Сколько раз мужчины тонкого душевного устройства падали, как из самолета без парашюта, в любовь к вульгарным толстухам! Сколько раз нежные женщины уступали похотливым кабанам, – и в спальню, видя в этом толк, пускали негодяев.

Хотения тела и веленья ума, похоть и разум, сердце и мозг – все эти битвы, собравшие и разгромившие целые армии, а параллельно породившие и «Крейцерову сонату», и «Легкое дыхание», и «Отца Сергия», и тьму, тьму, тьму рассказов, повестей и романов по всему миру – все эти неразрешимые противоречия, Кантовские антиномии, трансцендентальные единства апперцепций почему-то остаются вне современной русской прозы. И даже поэзии. Два главнейших современных русских поэта – Всеволод Емелин (и, понятно, Дмитрий Быков) известны не как любовные лирики, а как создатели рифмованных сатир. («Бог не фраер, Бог не шлимазл, в руках его пряник и плеть.
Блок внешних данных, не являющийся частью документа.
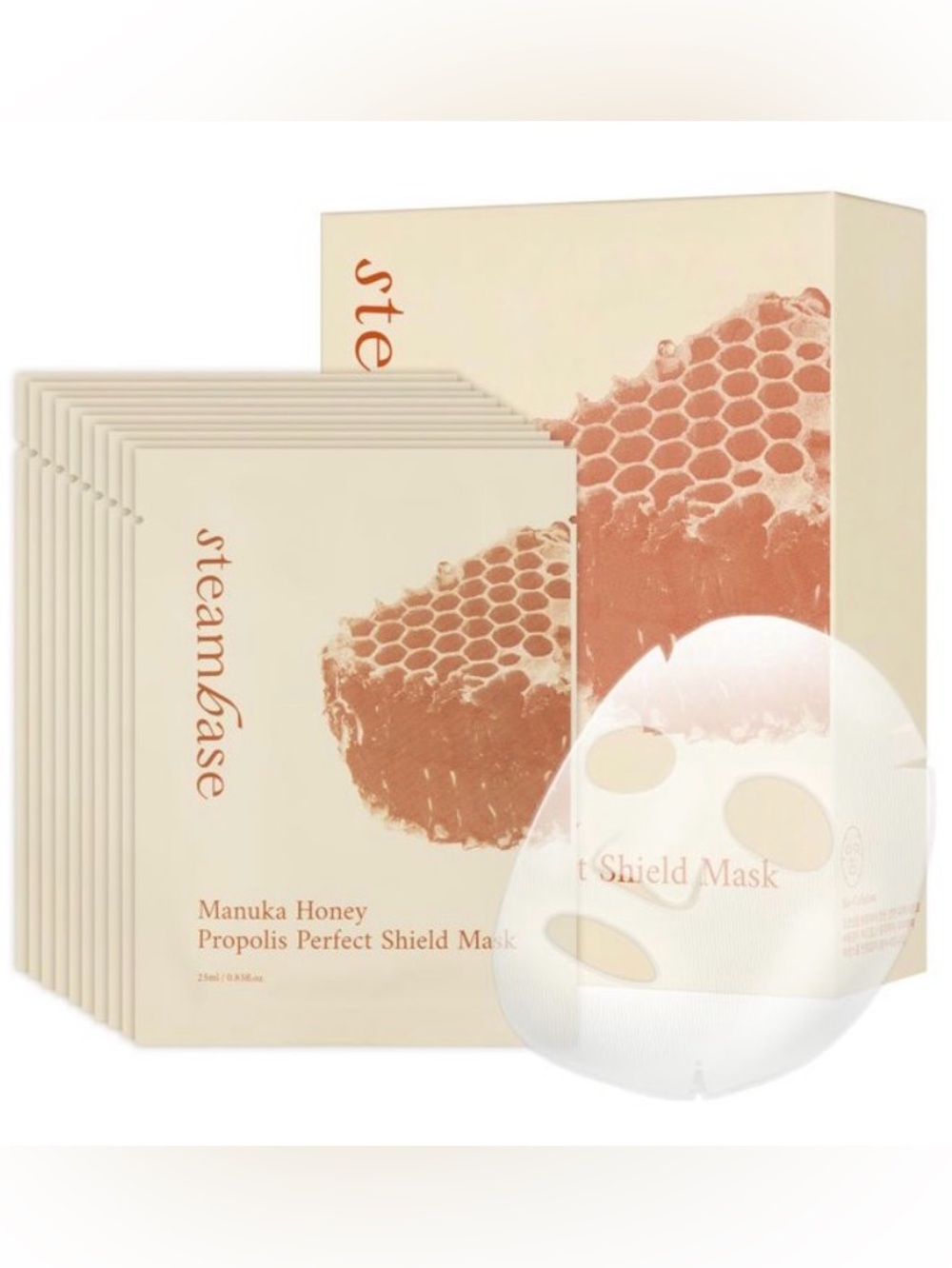 Steambase Manuka Honey Propolis Face Mask - Cream & Honey Tones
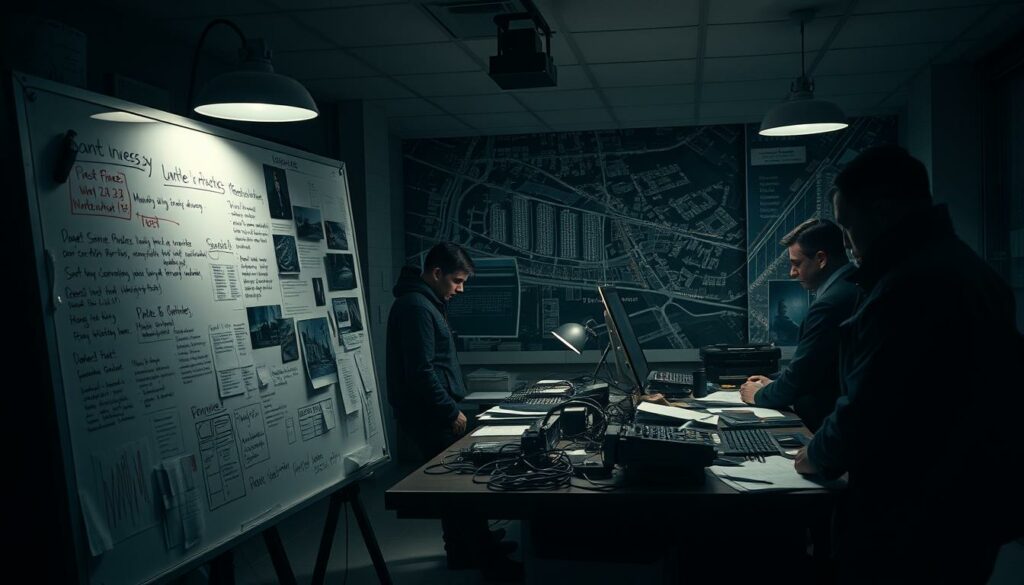 A dimly lit police station, detectives poring over evidence and documents, the air thick with concentration. In the foreground, a whiteboard covered in hastily scribbled notes, crime scene photos, and possible theories. In the middle ground, a table strewn with forensic equipment, technicians carefully analyzing data. In the background, a map of the city, pinpointing the location of the incident, the streets cast in a somber, investigative glow. The mood is one of intense focus, as the team works tirelessly to uncover the causes and unravel the mystery at hand. Dramatic lighting from overhead lamps casts shadows, adding to the air of suspense and gravity. This is the scene of a meticulous investigation, where every detail could hold the key to understanding what transpired.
Кому пожелает, он дарит газ, кому пожелает – нефть» – Емелин, «Гражданин поэт» – Быков).

Попробуйте отыскать в потоке новой русской литературы роман о любви, о том, как, не знаю, обманчиво внезапно, на пустом месте, возникает невозможная, необъяснимая любовь к тому, к той, кто по всем параметрам недостоин любви – ну, к уборщице Большого театра – и которая меняет влекомого жизненным потоком героя, что он начинает плыть против течения. Но что при этом ревущий поток любви так силен, что он заглушает поток похоти, и мужчина бессилен со своей жертвой в кровати. Я в жизни такие истории знаю. Но я не знаю ни одного в литературе их описания. Любовь в литературе умерла, – ей-ей, даже в дамских романах (где всегда присутствует картонная историйка, как героиня влюбляется в сына подруги и везет его на Багамы) любви куда больше.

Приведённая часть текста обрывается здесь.